A 3 Hour Avocado Toast

Have you ever taken 3 hours to eat avocado toast and sip coffee, in public, while alone? If not, I suggest you try it. You might think avocado toast would get soggy and your coffee cold, but it was perfectly delightful. The bread held up with its weight of grains and seeds, and the coffee was not piping hot, but remained pleasantly sippable at room temperature; warm in my mouth and palatable. A 3 hour avocado toast and coffee is nothing like eating a dreadful bowl of soup after it has lost its heat. A 3 hour avocado toast, in public, while alone and in Mexico - well, it’s luxurious. 
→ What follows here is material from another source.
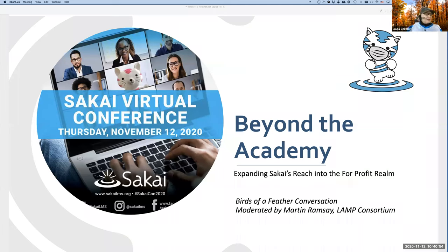Good day, everyone. You are in the right room — we're going to have a great time. Today's session is 'Beyond the Academy: Expanding Sakai's Reach into the For-Profit Realm.' This session is a birds-of-a-feather, and it's being led by the famous Martin Ramsey, who has been the managing director of the LAMP Learning Consortium.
What did I do for 3 hours, by myself, in public, alone, in Mexico, with an avocado toast and coffee?  I took the smallest, most perfect bites of my food; each bite composed of the individual elements that decorated the weighty, dense, bread. Each bite was a symphony of flavor - creamy avocado, oily arugula, bacon, the thinnest slice of a Persian cucumber, red onion and jalapeño. It was pure romance. 

As I ate, in the absence of time, I watched the light reflection of plants dance around on the ground beneath my table. Beneath my feet plants swayed; a tango of branches and leaves that used the ground as its dance floor. As the sun moved, I watched the sunlight dance up the building in front of me, the branch dipping the leaf - deeply and slowly -  it wasn’t lust, it was intimate. It was love.

The coffee, well, the dirty chai, was flirty in my mouth and creamy, what with its complementary nut cookie on the side. Normally, in 5 quick gulps the coffee would be done and in one bite the cookie would have ceased to exist, but not that day. That day each sip of coffee matched each bite of avocado toast; the perfect first date which would end in a second one. The cookie; the sweet decadance of powdered sugar coated my mouth, my lips. And, well, you might have guessed it - I saved those 3 miniature bites for last. 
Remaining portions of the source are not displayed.